Whilst the war is fought on the remote battlefields of Europe, its consequences are all too real for Tom and his new friends.
Dramatic and often spectacular storylines combined with themes of duty and moral conflict in this acclaimed adventure series from Yorkshire Television.
Two bombers planned to blow up a troop train; another tried to attack the prison quarry in retaliation for the death of his son on the battlefield. Tom had to rescue a rich young Lord kidnapped by two opportunistic Tinkers, and he and Julie themselves had to be sprung from a castle dungeon by their handyman friend Stan (George Malpas) at the controls of an early fighter plane.

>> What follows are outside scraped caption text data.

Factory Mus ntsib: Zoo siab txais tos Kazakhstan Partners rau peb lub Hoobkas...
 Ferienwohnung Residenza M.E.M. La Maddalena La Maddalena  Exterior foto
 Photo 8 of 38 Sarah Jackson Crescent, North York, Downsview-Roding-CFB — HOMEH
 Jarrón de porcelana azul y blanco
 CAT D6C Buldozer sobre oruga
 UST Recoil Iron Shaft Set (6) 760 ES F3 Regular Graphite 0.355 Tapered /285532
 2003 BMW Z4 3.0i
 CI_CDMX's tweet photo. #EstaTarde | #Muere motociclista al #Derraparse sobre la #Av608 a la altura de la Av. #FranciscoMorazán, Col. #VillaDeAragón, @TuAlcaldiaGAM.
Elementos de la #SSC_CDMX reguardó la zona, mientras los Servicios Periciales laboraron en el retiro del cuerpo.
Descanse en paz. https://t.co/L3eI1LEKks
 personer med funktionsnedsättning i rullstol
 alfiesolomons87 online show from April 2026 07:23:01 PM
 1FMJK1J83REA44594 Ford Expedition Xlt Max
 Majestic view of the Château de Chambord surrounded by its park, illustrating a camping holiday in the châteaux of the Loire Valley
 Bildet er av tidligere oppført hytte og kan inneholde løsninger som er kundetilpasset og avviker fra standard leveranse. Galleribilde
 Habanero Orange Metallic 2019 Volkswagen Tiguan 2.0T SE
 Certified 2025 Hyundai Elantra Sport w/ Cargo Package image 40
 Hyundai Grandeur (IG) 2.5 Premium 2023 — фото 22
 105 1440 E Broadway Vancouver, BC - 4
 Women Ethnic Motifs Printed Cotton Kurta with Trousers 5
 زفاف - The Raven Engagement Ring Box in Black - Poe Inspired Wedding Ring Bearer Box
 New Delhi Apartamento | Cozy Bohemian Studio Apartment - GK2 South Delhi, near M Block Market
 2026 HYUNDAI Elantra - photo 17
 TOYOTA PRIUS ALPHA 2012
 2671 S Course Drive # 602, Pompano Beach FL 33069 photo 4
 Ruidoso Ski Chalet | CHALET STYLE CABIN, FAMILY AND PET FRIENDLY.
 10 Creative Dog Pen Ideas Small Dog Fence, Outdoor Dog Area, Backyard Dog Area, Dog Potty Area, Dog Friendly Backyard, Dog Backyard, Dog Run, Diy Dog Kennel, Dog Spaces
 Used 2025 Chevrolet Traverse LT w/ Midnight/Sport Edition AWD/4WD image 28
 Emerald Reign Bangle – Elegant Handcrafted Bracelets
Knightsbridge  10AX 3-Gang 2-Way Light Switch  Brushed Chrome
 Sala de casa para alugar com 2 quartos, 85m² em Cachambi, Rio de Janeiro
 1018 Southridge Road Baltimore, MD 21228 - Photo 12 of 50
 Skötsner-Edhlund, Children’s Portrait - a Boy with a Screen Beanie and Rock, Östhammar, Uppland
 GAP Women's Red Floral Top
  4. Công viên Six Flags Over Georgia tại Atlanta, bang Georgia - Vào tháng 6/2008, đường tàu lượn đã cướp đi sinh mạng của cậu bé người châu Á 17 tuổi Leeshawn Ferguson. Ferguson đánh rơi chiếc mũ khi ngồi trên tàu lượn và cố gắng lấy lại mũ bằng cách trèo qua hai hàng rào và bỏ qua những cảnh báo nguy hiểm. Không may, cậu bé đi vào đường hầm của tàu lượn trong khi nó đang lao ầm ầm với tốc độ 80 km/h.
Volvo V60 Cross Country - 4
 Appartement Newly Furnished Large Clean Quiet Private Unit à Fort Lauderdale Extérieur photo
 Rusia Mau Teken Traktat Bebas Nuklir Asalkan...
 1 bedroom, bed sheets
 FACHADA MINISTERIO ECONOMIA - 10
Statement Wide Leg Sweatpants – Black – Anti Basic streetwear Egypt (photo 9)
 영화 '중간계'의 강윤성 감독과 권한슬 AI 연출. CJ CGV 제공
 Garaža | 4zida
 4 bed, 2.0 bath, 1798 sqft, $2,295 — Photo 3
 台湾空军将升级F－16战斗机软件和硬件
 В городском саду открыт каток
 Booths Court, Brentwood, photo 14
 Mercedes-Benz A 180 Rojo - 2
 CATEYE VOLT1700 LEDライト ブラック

The series did much to improve ITV’s reputation for children’s programmes but executive producer Tony Essex actually planned it without any idea of the storyline.
He had decided on the main character – a London boy in Yorkshire in the winter of 1915 – but there was no synopsis or script. Essex started off in Yorkshire, scouting locations – an old quarry, a deserted railway station – and then decided what sort of things might happen in those places, trying to imagine what might excite children in those locations.
The show aired on Saturdays at 5:20 PM between August 1968 and 1970.
The production team of the second series of Tom Grattan’s War went on to make the horse sanctuary drama Follyfoot, which repeated many of the essential features of its predecessor; a rural setting, shot entirely on film and on location and featuring young adult, rather than child, lead characters.